* _Problem requirements_: From the line with "新款AMG GLC 43/Coupe正式上市" to the line with "Guild Wars - Eye of the North", retype every line exactly, including those two, and leave out the rest of the data below.

* _Records shown_:
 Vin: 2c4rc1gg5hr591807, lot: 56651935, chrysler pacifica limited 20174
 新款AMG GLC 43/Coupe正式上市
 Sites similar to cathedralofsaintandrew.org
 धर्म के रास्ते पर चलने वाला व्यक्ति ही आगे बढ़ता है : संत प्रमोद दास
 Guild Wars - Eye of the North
...
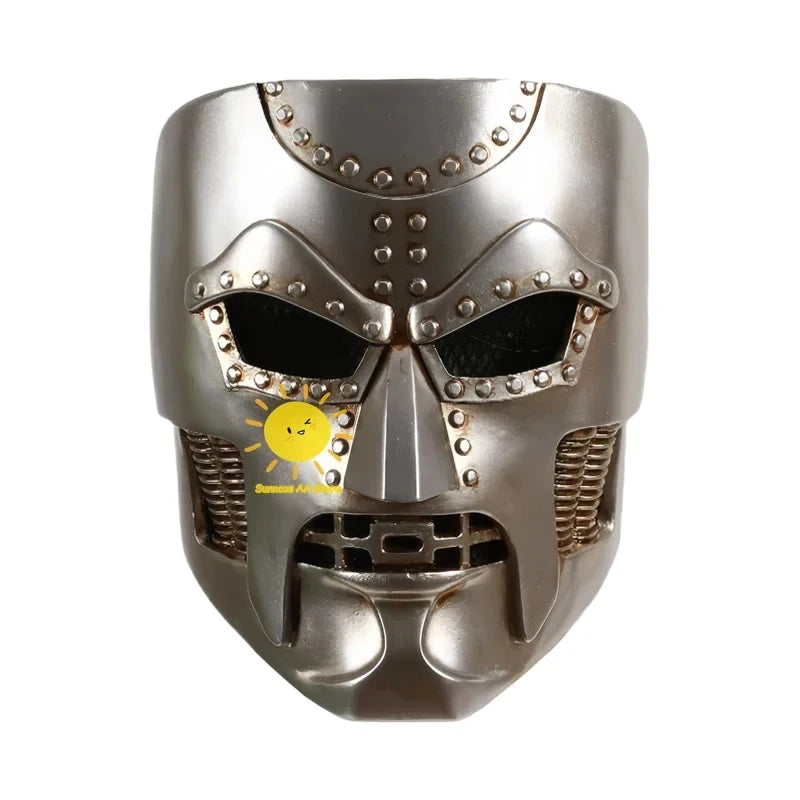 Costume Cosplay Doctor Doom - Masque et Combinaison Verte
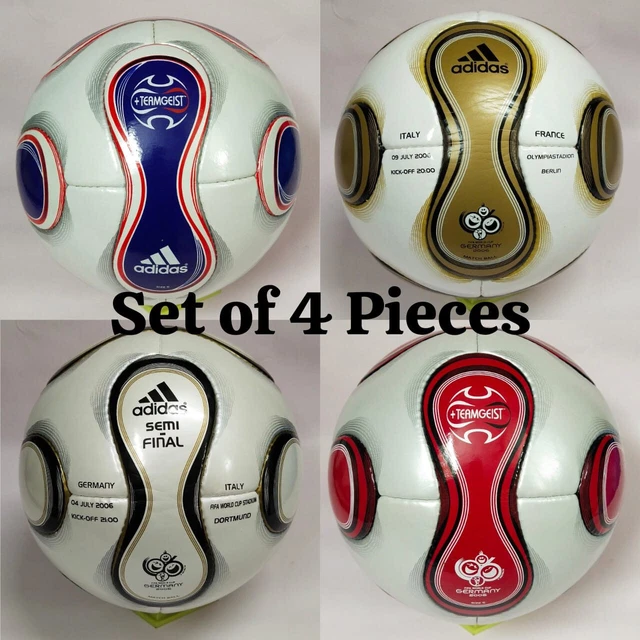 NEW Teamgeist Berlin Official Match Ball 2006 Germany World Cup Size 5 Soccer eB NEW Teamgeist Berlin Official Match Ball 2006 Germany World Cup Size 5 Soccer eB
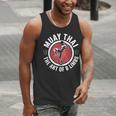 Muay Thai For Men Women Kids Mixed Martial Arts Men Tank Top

* _Written answer_:
 新款AMG GLC 43/Coupe正式上市
 Sites similar to cathedralofsaintandrew.org
 धर्म के रास्ते पर चलने वाला व्यक्ति ही आगे बढ़ता है : संत प्रमोद दास
 Guild Wars - Eye of the North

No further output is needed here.